You are 100% correct! I had a connection with one of the “old” Delta Diamond reps (who has since retired) and she told me in order to work with Platinum or Diamond members, they needed to have a minimum of 5 years on the job. Now, as soon as they get out of training, they can be dealing with anyone. I have had so many experience will ill-trained, clueless and snotty reps – it is hard to remember when there was good service. I’ll double down on my comments regarding the lack of in-flight service as well…it’s just not there and they don’t care.
Rene, you are absolutely correct in saying that customer service levels were already going down prior to COVID and that COVID was a reason to lower them even more. But, I would add that we’ve seen this in most airlines, most hotels, etc. In fact, we’ve seen this in most industries. There’s a self-reinforcing loop of consumers wanting lower prices, companies needing to cut expenses, quality drops, consumers wanting an even lower price, companies needing to cut even more expenses. It is the hallmark of a commodity service or product as opposed to a value-add service or product. The vast majority of customers will not pay more for quality. The customers who are willing to pay more are oftentimes stuck.

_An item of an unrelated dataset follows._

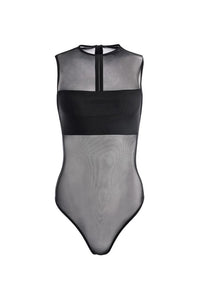 Nichol Turtleneck Mesh Bodysuit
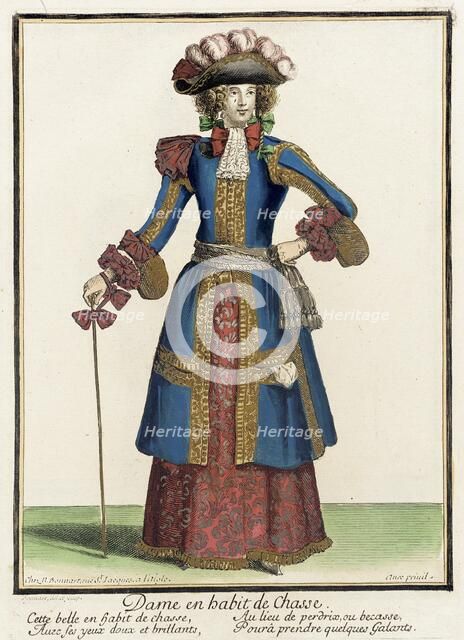 Recueil des modes de la cour de France, 'Dame en Habit de Chasse', 1670. Creator: Nicolas Bonnart.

Million miller and long time Diamond and now a United 1k. Not a fan boy post pandemic and the lounges are way to packed still due to AMEX relationship
My husband and I flew on Delta last week to Key West. The return flight was delayed 30 minutes, so it caused my husband and I to miss our connecting flight. The customer service reps at the ATL airport could not have cared less, except for one. (Shout out to Brandy B. who actually has a heart and cares!) We were really disappointed with the lack of customer service at Delta, both in person, via Twitter, their app, and Facebook (which only redirects you to their app). We kind of expect that from other airlines, but not Delta. It’s time to rethink our loyalty.
I am a Diamond who travels for leisure, typically 5 overseas trips a year and several domestic. I can’t agree with your assessment of Delta customer service. I have enjoyed the attention of several reps post-Covid and have always had any issues resolved. Except for the obviously new rep who didn’t know the rules of using GUC’s. That would have been the only time I didn’t score a rep 5 but didn’t have the chance because I asked her to be transferred to someone who knew their stuff.
I am a Platinum and there has been some deterioration on the phone side since the pandemic, but not that I have experienced in flight. Many times, especially during 2020-21 I was having a conversation with a CSR from her home. As an example today there was a TSA cluster F…. in SYR, in precheck it took me 26 min when it normally takes 8 min max! The flight was boarding before I got through PreCheck, we boarded and the Captain came over the PA stated that he knew we were late pushing but he was going to wait for the passengers that had become delayed by TSA. Then when we landed late in ATL the lead and another FA announced that they wanted to expedite a half a dozen passengers that had to rush to their connections. The FA actually positioned herself in the aisle to row three just past me, to ensure that the subject passengers were off first. Over my forty years of flying I have seen announcements about late connections and have even been the subject, but I have never observed a proactive FA ensuring that it happened. So has customer service dropped into the toilet as I am reading? I have not experienced a degradation other than a one off FA that is having a bad day once in a while but that was true before the pandemic.